Now the Unsolved Mystery
We won’t bother debating the origin of the whoopie pie. We’ll let the folks in Maine, Pennsylvania, New Hampshire and the Bostonians duke it out for the claim to fame. Ultimately, with no proof of birthplace, the mystery remains unsolved.
The “Flax Eggs”
Finally, it’s time to throw on your apron and let’s make whoopies!
Pumpkin Whoopie Pies
Yield 8 whoopies
Free of: gluten and top 8 allergens.
These sweet treats are the ultimate comfort dessert. They're squishy, cakey and creamy, and are absolutely a reason for celebration. No wonder they are a favorite at Camp Blue Spruce, the worry free camp for kids with food allergies.
For the cakes:
2 tbsp flaxseed meal
6 tbsp lukewarm water
2 cups gluten-free flour blend
1/2 tsp xanthan gum (omit if using a flour blend with xanthan gum)
1-1/2 tsp baking powder
1/2 tsp baking soda
1-1/2 tsp ground cinnamon
1/4 tsp ground nutmeg
1/4 tsp ground ginger
1/2 tsp salt
1-1/4 cups canned pumpkin puree (not pumpkin pie filling)

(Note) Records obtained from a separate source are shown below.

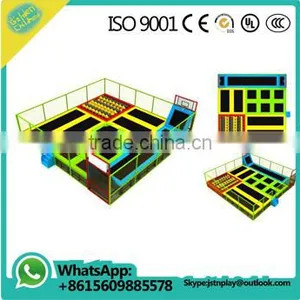Outdoor Fitness Equipment,kids Indoor Trampoline Park,outdoor Jungle Gym thumbnail-1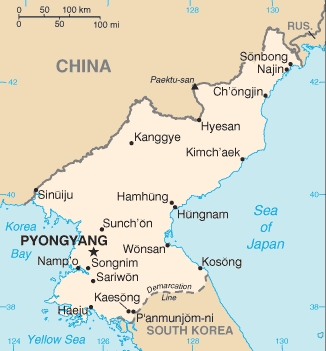 Pirackie transmisje w Korei Północnej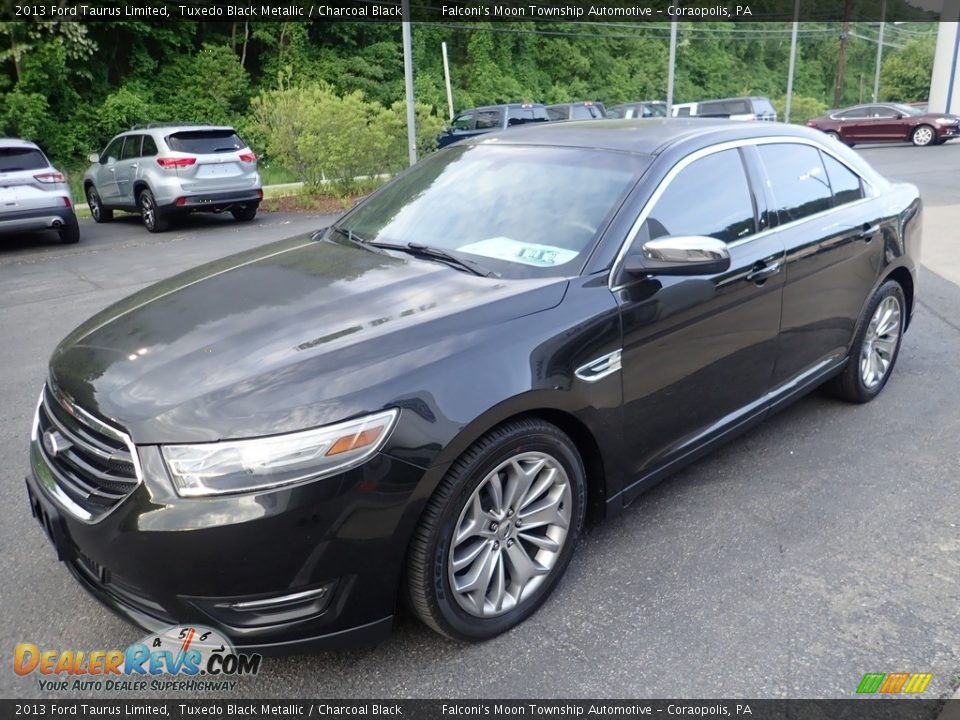 2013 Ford Taurus Limited Tuxedo Black Metallic / Charcoal Black Photo #6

1/2 tsp apple cider vinegar
1/3 cup pure maple syrup or light agave nectar
1-1/2 tsp vanilla extract
1/3 cup rice milk
2 tbsp canola oil or grapeseed oil
For the filling:
3 cups powdered sugar
3/4 cup shortening, such as Spectrum Organic Vegetable Shortening
3/4 tsp vanilla extract
2 - 3 tbsp non-dairy milk, divided, such as Rice Dream original
- For the cakes, preheat oven to 350 degrees F. Line two baking sheets with parchment paper or silpats. Set aside.

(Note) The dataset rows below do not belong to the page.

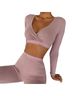 Oh Polly Pink Active Pants Size 4 - photo 1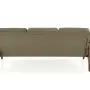 MILANO 3S sofa - oliwkowy tap. Castel 39 (1p=1szt)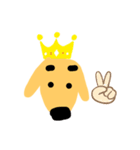 きんちゃんスタンプ4（個別スタンプ：10）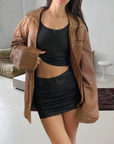 R&Y Leather Jacket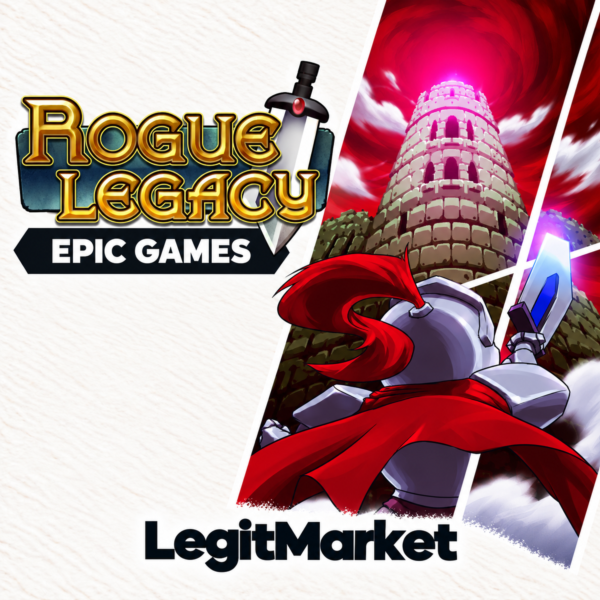 Rogue Legacy Epic Games | Карта пополнения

- In a small bowl, whisk together flaxseed meal and water. Set aside for 5 - 10 minutes.
- In a large bowl, sift together the flour, xanthan gum, baking powder and baking soda. Add the cinnamon, nutmeg, ginger and salt. Whisk well to combine. Set aside.
- In a medium bowl, combine the pumpkin, vinegar, maple syrup, vanilla, milk and oil.
- Return to the flaxseed mixture and vigorously whisk. It will be gelatinous. Add to wet ingredients and whisk until combined.
- With a rubber spatula, scrape the wet ingredients into the dry. Whisk thoroughly to combine.
- Using a level #20 (yellow) scoop, portion batter onto prepared baking sheets. A yellow scoop is equivalent to a scant 1/4 cup. Flatten slightly to a 1/2-inch thickness with the bottom of a large glass that has been dipped or rinsed under water. You will need to rinse the bottom of the glass in water each time you flatten a cake.
- Bake until done, approximately 12 - 14 minutes. Let cool completely in pan on a rack for about 30 - 45 minutes.
- For the filling, sift the powdered sugar if it contains lumps. Set aside.
- Place shortening in a mixing bowl fitted with a paddle attachment. Start mixing on low speed. Gradually add the sugar, vanilla, and 2 tbsp of the rice milk. Once all the ingredients are well combined, increase your mixing speed to medium high.
- After a minute or so, stop the mixer and check the consistency and taste. At this point the filling may be a little dry. Add remaining 1 tbsp milk if needed. Mix until light and fluffy, an additional 1 - 2 minutes.
- To assemble, flip 8 cakes over so the flat side is up. With the #20 (yellow) scoop, portion a level scoop of filling in the center on the flat side of the 8 cakes. Top with the remaining cakes, flat side towards the filling. Gently press down to make a sandwich. You should have a small amount of filling leftover.
- If not serving right away, store in the refrigerator. These whoopies are best eaten within 2 days.
- Da Scoop: Don't worry if you don't have a #20 (yellow) scoop. Portion a scant 1/4 cup of batter for each cake and a scant 1/4 cup of filling for each whoopie.
- The cakes don't spread during baking, so if you don't flatten slightly they will be dome shaped. If you prefer them dome shaped, the cooking time increases to 15 - 18 minutes. Flattening slightly to 1/2-inch thick will yield a baked cake that is 3-inches in diameter.